*** SUPPLIED ENTRIES ***

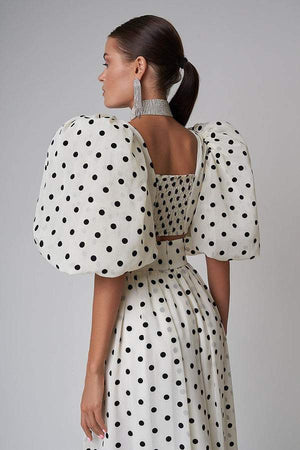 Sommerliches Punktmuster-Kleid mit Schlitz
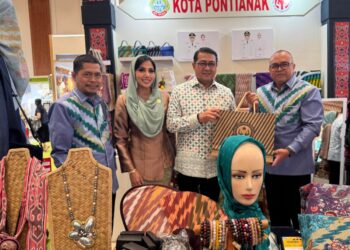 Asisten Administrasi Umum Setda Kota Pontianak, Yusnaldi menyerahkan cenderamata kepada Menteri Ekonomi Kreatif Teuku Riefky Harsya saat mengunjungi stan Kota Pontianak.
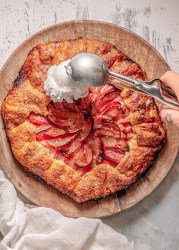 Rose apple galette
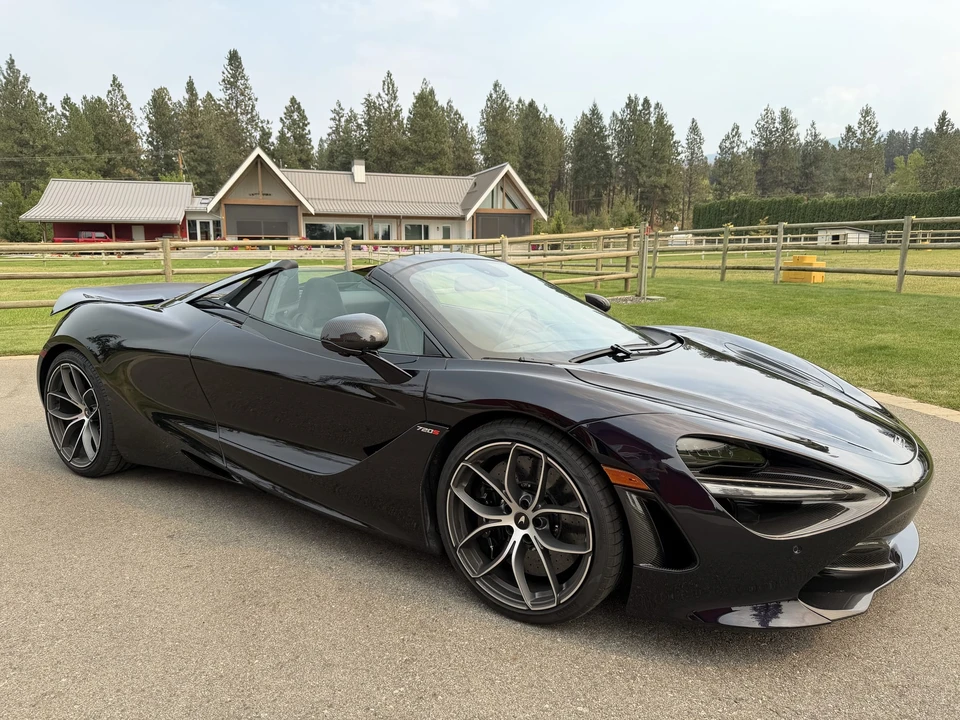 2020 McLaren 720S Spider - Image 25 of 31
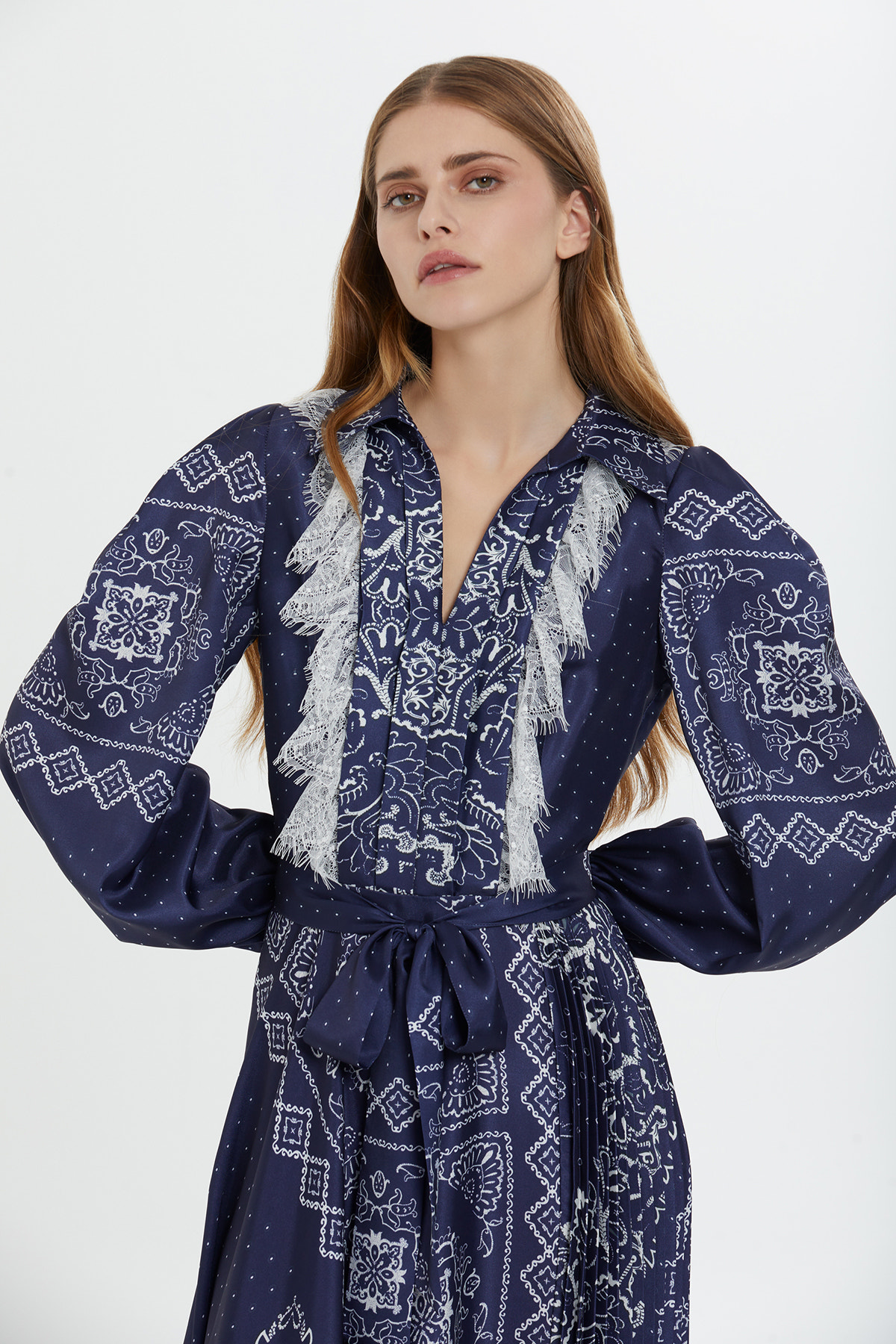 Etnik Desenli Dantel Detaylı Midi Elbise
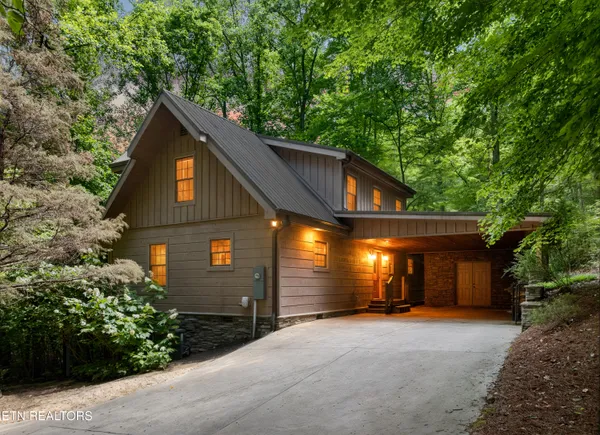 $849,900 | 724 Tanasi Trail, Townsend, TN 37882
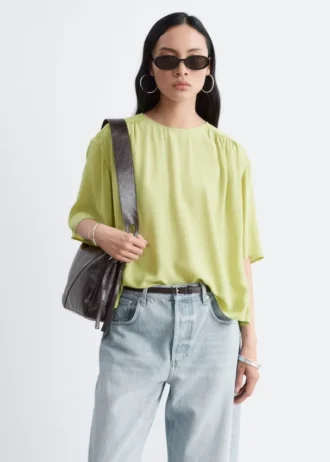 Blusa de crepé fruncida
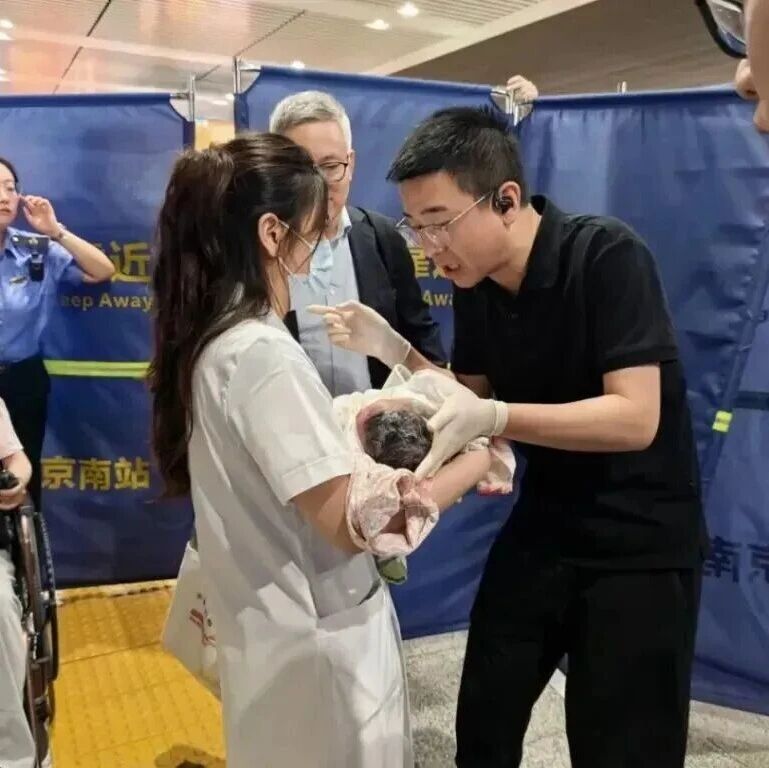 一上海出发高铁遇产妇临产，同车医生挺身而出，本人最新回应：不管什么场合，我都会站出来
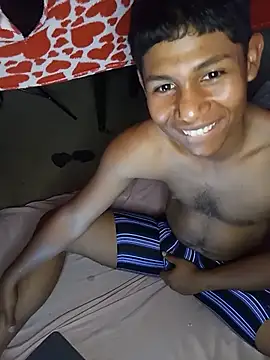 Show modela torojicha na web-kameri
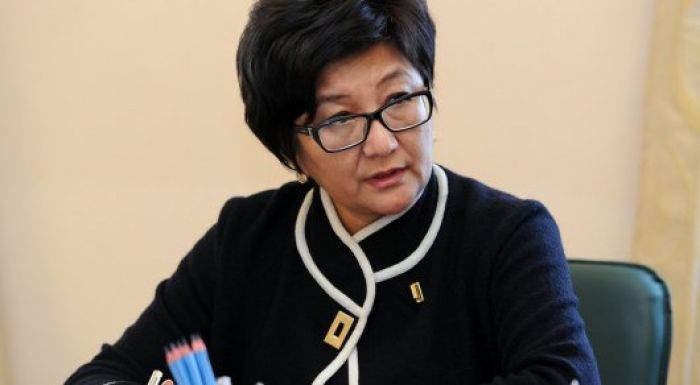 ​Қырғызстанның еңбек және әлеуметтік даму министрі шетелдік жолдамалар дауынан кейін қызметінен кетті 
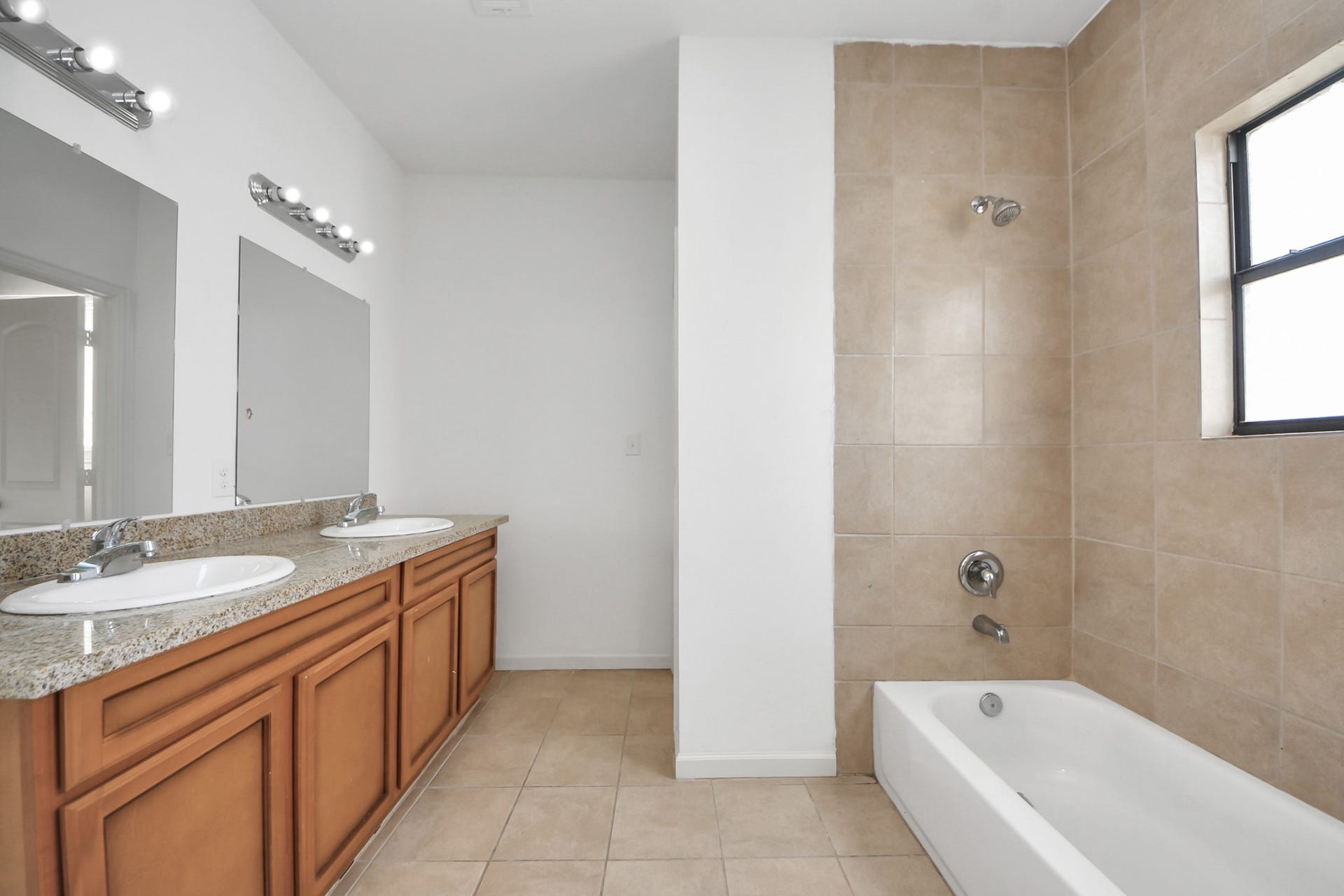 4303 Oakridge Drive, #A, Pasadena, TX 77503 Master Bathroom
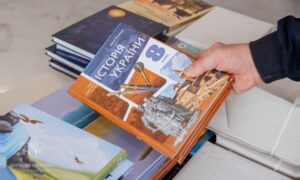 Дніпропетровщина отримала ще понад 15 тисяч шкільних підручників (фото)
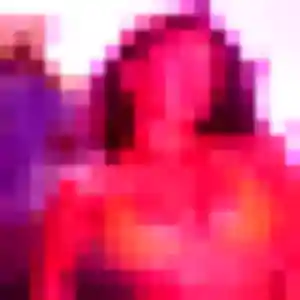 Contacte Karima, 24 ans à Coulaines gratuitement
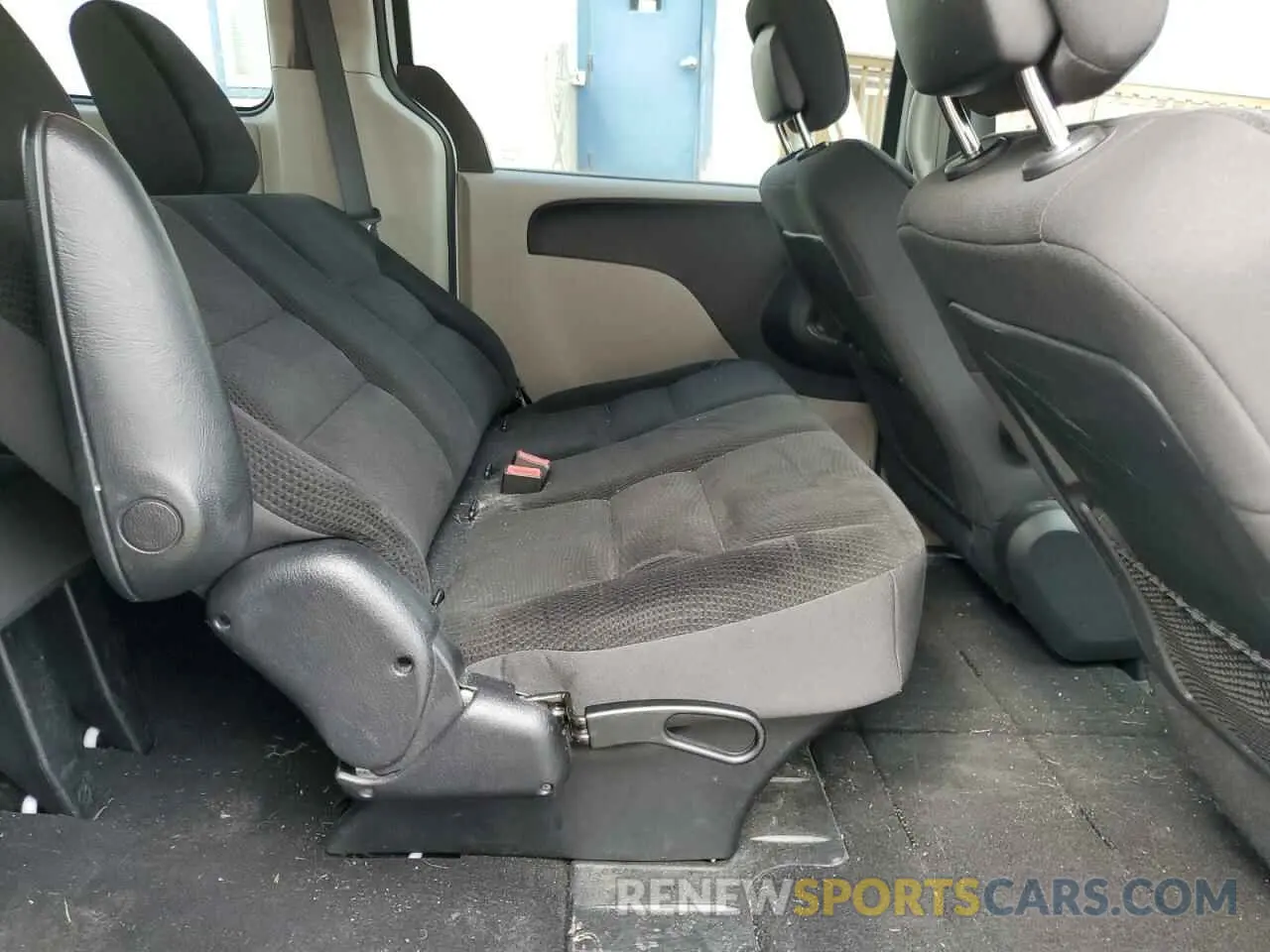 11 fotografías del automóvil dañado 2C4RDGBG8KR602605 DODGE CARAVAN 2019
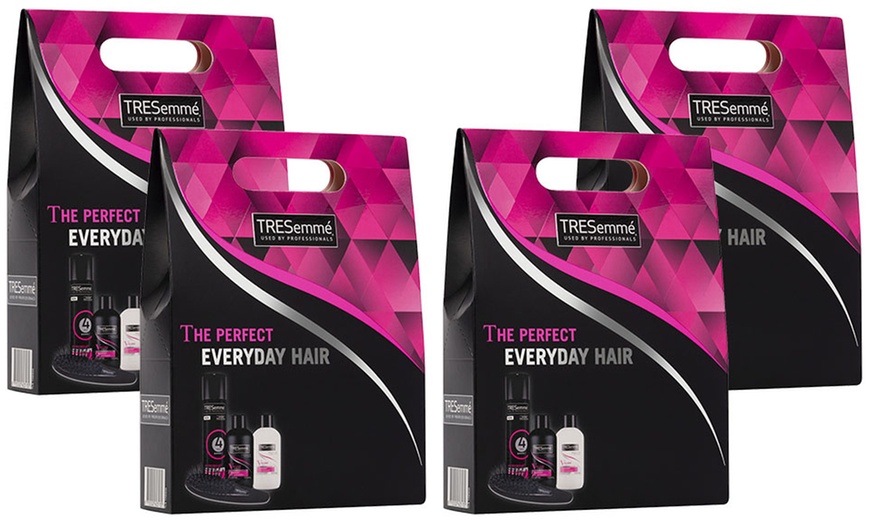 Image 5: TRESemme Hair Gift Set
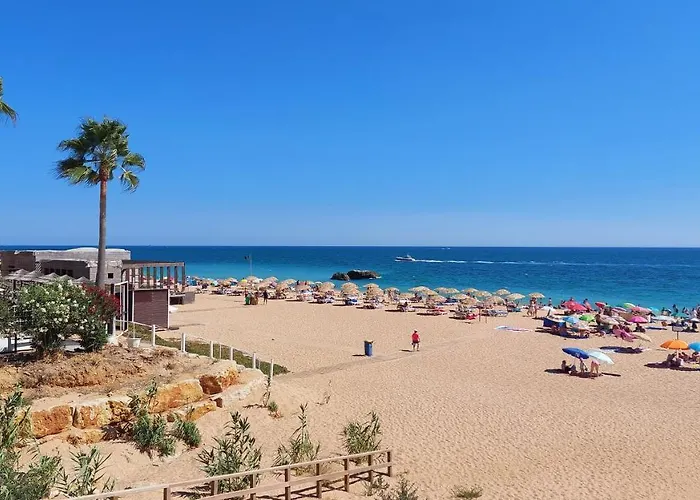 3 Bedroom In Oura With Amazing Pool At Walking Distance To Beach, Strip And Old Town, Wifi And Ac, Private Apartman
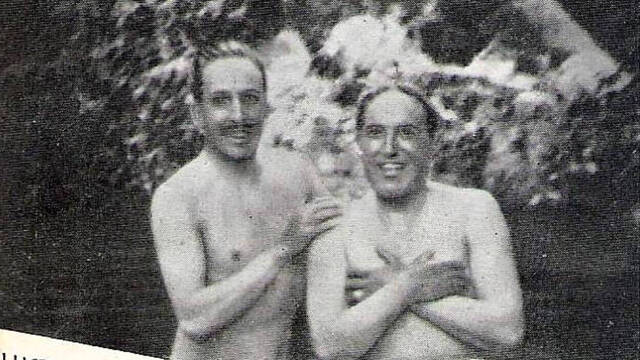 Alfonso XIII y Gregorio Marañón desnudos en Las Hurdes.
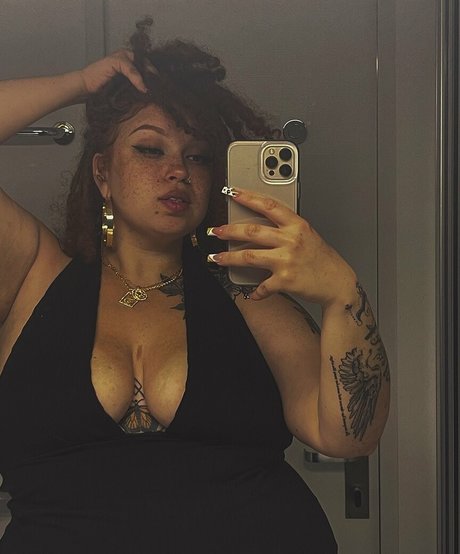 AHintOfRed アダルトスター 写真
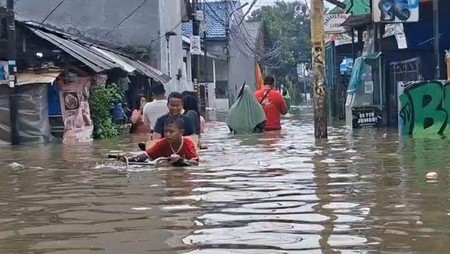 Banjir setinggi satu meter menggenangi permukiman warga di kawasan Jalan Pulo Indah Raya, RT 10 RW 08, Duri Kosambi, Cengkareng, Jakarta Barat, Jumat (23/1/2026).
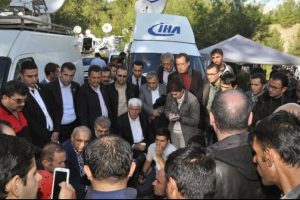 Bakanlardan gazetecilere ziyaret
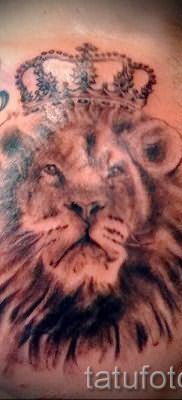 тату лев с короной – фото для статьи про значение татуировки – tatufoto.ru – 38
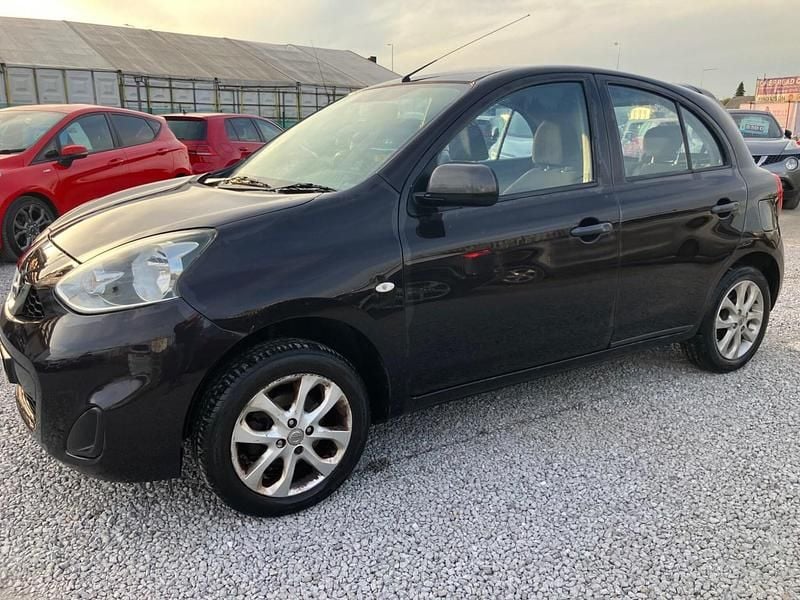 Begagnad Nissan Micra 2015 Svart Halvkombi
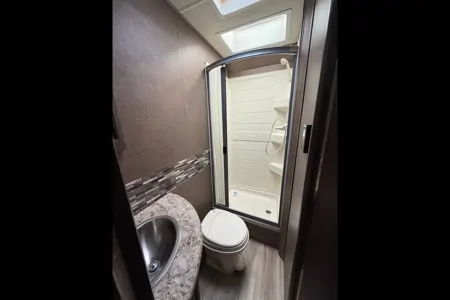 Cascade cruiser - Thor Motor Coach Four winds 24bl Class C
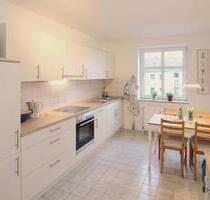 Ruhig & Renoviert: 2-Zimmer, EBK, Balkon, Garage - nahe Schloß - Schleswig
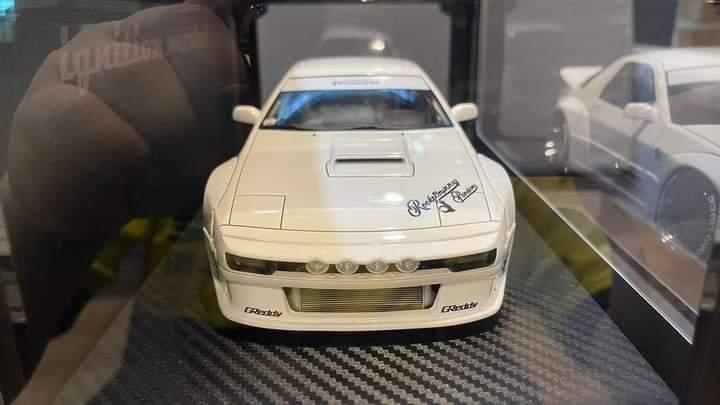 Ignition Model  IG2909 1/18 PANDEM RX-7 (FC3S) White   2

*** End of SUPPLIED ENTRIES ***

### PROBLEM
With the pictures left out, transcribe exactly the lines from the line holding "Ruhig & Renoviert: 2-Zimmer, EBK, Balkon, Garage" through the closing line of the entries.

### EXPECTED ANSWER
 Ruhig & Renoviert: 2-Zimmer, EBK, Balkon, Garage - nahe Schloß - Schleswig
 Ignition Model  IG2909 1/18 PANDEM RX-7 (FC3S) White   2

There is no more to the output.